Daftar Estimasi Harga Sapi Kurban Tahun 2026
Bobot SapiHarga SatuanEstimasi per Orang (7 Peserta)
250 kgRp 25.000.000Rp 3.571.429
300 kgRp 28.000.000Rp 4.000.000
350 kgRp 31.000.000Rp 4.428.571
400 kgRp 33.000.000Rp 4.714.286
450 kgRp 36.500.000Rp 5.214.286
500 kgRp 40.000.000Rp 5.714.286

Angka tersebut umumnya sudah mencakup biaya pemeliharaan hingga operasional pemotongan. Meskipun demikian, fluktuasi harga tetap mungkin terjadi di tingkat daerah akibat kendala distribusi dan tingginya permintaan pasar.

Syarat Sah Hewan Kurban Menurut Syariat

Dalam buku Panduan Praktis Muslim karya Fahd Salem Bahammam, ditekankan bahwa sapi kurban harus memenuhi kualifikasi spesifik. Pertama, hewan wajib telah genap berusia minimal dua tahun dan mulai memasuki tahun ketiga.

Kesehatan fisik menjadi aspek krusial berikutnya karena Rasulullah SAW melarang penggunaan hewan yang cacat. Berdasarkan hadis riwayat An-Nasa’i dan At-Tirmidzi, terdapat empat kondisi yang membuat hewan tidak layak kurban: buta sebelah yang jelas, sakit yang tampak nyata, pincang, serta kondisi sangat kurus hingga tidak bersumsum.

Panduan Memilih Sapi Sehat

Memilih sapi berkualitas tidak hanya terbatas pada ukuran tubuh yang masif. Dalam buku Tuntunan Berkurban dan Menyembelih Hewan karya Ali Ghufron, dijelaskan bahwa sapi yang sehat harus terlihat aktif, responsif terhadap lingkungan, dan mampu berdiri tegak.

Pembeli disarankan memeriksa kondisi mata yang cerah serta hidung yang tampak lembap alami. Kulit sapi sebaiknya bersih dari luka atau benjolan, sementara bulunya tidak terlihat kusam atau mengalami kerontokan yang ekstrem.

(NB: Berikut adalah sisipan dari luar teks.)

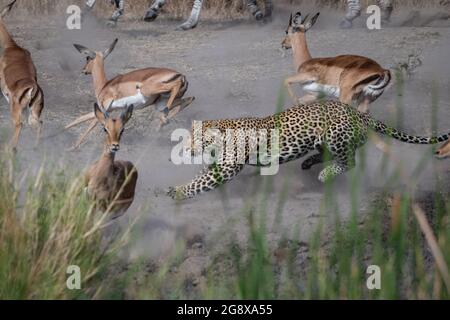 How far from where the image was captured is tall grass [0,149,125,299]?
272 inches

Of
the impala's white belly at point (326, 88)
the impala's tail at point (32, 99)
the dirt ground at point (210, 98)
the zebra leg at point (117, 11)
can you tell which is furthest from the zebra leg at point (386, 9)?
the impala's tail at point (32, 99)

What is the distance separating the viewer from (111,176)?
8812 mm

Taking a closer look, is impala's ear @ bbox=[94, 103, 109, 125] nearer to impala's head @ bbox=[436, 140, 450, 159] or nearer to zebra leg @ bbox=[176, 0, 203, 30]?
impala's head @ bbox=[436, 140, 450, 159]

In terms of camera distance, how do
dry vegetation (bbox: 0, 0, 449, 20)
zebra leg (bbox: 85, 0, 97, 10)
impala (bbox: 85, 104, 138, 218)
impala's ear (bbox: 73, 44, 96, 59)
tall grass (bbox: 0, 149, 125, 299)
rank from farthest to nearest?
dry vegetation (bbox: 0, 0, 449, 20) < zebra leg (bbox: 85, 0, 97, 10) < impala's ear (bbox: 73, 44, 96, 59) < impala (bbox: 85, 104, 138, 218) < tall grass (bbox: 0, 149, 125, 299)

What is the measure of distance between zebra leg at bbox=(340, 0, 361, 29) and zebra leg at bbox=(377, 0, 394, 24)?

Pastikan pula hewan telah melewati pemeriksaan medis dari dinas peternakan setempat. Sertifikasi kesehatan ini penting untuk menjamin daging yang akan didistribusikan aman dari risiko penularan penyakit ternak.

Estimasi Produksi Daging Bersih

Panitia kurban perlu memahami perhitungan karkas untuk mengatur distribusi daging secara adil. Secara umum, seekor sapi menghasilkan karkas berkisar antara 49 hingga 57 persen dari total bobot hidupnya.

Sebagai ilustrasi, sapi seberat 400 kilogram diprediksi menghasilkan karkas sekitar 196-228 kilogram. Setelah dipisahkan dari tulang, jumlah daging bersih yang didapat diperkirakan mencapai 147 hingga 170 kilogram, di luar bagian jeroan dan kepala.

Kesungguhan dalam memilih hewan terbaik merupakan bentuk ketakwaan, sesuai firman Allah dalam Surah Al-Hajj ayat 37. Kualitas hewan kurban mencerminkan keseriusan seorang Muslim dalam menjalankan syiar Islam sekaligus menghidupkan semangat berbagi rezeki kepada sesama.